* **Working data**
^^^^^^^^

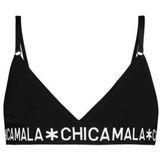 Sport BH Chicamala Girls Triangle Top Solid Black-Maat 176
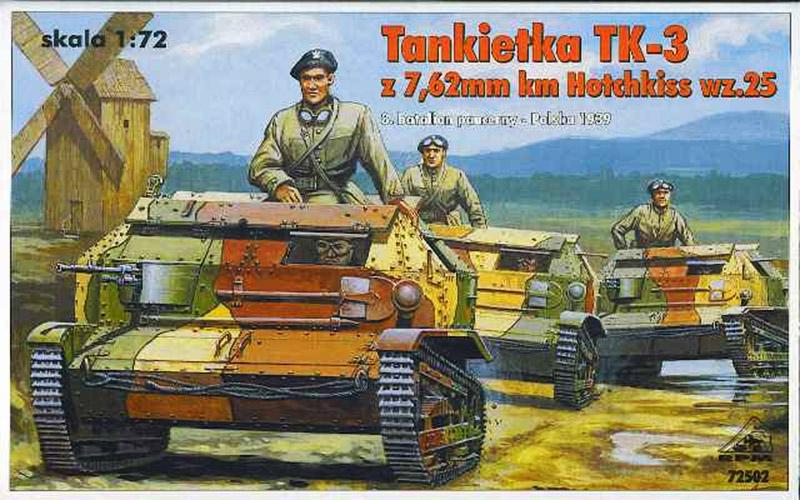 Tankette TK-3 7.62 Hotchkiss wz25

^^^^^^^^

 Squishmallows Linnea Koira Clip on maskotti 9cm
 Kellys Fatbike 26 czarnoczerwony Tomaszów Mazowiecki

^^^^^^^^

* **Task directions**
Your task is to transcribe, with no changes, only the lines of the listing above that lie between the line holding "Squishmallows Linnea Koira" and the line holding "Kellys Fatbike 26", inclusive.

* **Reply to the task**
 Squishmallows Linnea Koira Clip on maskotti 9cm
 Kellys Fatbike 26 czarnoczerwony Tomaszów Mazowiecki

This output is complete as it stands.